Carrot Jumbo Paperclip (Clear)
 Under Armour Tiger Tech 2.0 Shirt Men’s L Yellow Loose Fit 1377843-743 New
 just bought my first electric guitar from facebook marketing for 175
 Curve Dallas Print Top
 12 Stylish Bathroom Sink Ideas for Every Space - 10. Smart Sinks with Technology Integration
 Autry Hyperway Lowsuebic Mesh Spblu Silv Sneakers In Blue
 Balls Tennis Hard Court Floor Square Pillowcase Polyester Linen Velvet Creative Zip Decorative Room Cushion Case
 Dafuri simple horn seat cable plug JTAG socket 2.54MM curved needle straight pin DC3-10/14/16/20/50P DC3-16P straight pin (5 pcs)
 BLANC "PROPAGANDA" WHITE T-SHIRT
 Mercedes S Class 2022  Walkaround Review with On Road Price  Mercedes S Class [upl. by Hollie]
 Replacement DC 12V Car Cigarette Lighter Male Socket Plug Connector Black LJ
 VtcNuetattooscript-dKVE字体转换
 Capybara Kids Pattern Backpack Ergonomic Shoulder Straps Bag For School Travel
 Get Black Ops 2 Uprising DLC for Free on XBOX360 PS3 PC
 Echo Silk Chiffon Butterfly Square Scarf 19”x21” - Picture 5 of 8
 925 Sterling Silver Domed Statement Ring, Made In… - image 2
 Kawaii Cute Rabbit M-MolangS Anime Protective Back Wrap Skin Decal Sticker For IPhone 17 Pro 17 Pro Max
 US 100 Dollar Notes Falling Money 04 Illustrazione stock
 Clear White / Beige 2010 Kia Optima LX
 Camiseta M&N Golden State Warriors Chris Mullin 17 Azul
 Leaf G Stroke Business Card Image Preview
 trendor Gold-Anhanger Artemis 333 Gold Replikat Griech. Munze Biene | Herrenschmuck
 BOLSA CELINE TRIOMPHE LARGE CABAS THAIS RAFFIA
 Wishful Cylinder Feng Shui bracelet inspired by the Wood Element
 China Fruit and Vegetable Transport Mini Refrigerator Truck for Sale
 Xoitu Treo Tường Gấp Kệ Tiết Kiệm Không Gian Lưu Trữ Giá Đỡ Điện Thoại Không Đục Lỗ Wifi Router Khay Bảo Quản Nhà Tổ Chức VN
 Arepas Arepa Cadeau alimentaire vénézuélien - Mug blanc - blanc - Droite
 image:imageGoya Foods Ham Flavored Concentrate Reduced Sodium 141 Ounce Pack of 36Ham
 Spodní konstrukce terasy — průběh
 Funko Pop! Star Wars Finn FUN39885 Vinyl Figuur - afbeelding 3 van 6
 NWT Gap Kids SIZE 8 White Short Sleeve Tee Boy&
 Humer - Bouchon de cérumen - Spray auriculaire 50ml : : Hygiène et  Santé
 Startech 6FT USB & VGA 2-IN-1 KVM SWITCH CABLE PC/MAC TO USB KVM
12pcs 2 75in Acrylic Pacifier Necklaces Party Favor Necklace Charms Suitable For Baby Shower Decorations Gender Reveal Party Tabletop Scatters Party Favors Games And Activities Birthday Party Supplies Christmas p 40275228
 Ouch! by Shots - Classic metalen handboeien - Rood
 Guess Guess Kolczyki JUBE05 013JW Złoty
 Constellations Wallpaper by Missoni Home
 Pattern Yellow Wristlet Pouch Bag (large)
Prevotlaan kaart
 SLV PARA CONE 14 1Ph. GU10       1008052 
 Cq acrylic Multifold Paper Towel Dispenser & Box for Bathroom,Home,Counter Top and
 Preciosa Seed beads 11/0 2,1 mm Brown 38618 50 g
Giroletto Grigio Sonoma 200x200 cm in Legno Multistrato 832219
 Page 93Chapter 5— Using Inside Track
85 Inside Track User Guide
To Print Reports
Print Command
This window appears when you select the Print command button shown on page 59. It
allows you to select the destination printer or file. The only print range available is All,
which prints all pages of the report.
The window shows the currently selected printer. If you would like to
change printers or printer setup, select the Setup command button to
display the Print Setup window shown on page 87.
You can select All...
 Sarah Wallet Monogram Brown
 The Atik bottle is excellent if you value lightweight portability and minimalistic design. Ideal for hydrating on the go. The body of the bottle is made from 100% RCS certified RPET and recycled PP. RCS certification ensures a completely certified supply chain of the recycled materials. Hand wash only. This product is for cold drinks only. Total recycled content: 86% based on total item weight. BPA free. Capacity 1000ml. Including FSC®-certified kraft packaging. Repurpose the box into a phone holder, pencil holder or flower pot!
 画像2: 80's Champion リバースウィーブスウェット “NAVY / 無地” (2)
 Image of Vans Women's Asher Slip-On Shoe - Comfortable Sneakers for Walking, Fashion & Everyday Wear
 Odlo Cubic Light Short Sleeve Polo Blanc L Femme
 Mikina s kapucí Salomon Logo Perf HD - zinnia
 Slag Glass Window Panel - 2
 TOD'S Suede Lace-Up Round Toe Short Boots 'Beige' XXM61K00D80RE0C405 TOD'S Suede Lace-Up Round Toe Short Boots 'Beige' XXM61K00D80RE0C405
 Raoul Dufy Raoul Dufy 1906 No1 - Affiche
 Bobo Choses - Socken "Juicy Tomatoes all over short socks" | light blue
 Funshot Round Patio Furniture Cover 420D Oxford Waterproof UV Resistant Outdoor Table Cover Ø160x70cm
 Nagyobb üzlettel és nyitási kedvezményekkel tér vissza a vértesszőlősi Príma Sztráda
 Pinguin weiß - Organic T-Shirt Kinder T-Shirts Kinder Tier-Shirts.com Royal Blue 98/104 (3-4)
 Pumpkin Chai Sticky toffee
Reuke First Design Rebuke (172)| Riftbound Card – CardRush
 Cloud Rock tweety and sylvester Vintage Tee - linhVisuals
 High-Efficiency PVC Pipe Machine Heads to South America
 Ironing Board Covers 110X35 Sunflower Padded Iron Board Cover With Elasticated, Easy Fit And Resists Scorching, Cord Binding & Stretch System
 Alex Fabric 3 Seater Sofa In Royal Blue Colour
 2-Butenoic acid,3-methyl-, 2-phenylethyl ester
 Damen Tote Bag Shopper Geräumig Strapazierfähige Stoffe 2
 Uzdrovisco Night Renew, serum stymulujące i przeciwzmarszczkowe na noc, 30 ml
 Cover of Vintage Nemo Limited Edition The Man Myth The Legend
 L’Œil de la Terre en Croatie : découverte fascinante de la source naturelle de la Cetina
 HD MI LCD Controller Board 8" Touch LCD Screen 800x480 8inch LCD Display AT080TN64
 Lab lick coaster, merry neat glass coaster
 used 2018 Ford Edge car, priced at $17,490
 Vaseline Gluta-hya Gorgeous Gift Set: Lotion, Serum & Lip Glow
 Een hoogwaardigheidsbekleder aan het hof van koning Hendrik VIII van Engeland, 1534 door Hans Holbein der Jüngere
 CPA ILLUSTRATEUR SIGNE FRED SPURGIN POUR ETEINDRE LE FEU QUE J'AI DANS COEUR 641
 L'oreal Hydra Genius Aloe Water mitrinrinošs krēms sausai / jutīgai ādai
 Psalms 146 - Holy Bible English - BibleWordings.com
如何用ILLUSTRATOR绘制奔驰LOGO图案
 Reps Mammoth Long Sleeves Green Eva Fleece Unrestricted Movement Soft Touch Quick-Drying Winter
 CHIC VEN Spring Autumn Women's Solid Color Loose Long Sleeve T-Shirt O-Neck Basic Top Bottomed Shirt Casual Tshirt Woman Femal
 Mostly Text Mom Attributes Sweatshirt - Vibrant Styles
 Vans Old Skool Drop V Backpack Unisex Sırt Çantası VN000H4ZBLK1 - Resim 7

+ + + + +

• TASK STATEMENT: Working from the material above, restate word for word the lines between the line with "Slag Glass Window Panel - 2" and the line with "Cover of Vintage", both included, and only those.

• RESPONSE AREA:
 Slag Glass Window Panel - 2
 TOD'S Suede Lace-Up Round Toe Short Boots 'Beige' XXM61K00D80RE0C405 TOD'S Suede Lace-Up Round Toe Short Boots 'Beige' XXM61K00D80RE0C405
 Raoul Dufy Raoul Dufy 1906 No1 - Affiche
 Bobo Choses - Socken "Juicy Tomatoes all over short socks" | light blue
 Funshot Round Patio Furniture Cover 420D Oxford Waterproof UV Resistant Outdoor Table Cover Ø160x70cm
 Nagyobb üzlettel és nyitási kedvezményekkel tér vissza a vértesszőlősi Príma Sztráda
 Pinguin weiß - Organic T-Shirt Kinder T-Shirts Kinder Tier-Shirts.com Royal Blue 98/104 (3-4)
 Pumpkin Chai Sticky toffee
Reuke First Design Rebuke (172)| Riftbound Card – CardRush
 Cloud Rock tweety and sylvester Vintage Tee - linhVisuals
 High-Efficiency PVC Pipe Machine Heads to South America
 Ironing Board Covers 110X35 Sunflower Padded Iron Board Cover With Elasticated, Easy Fit And Resists Scorching, Cord Binding & Stretch System
 Alex Fabric 3 Seater Sofa In Royal Blue Colour
 2-Butenoic acid,3-methyl-, 2-phenylethyl ester
 Damen Tote Bag Shopper Geräumig Strapazierfähige Stoffe 2
 Uzdrovisco Night Renew, serum stymulujące i przeciwzmarszczkowe na noc, 30 ml
 Cover of Vintage Nemo Limited Edition The Man Myth The Legend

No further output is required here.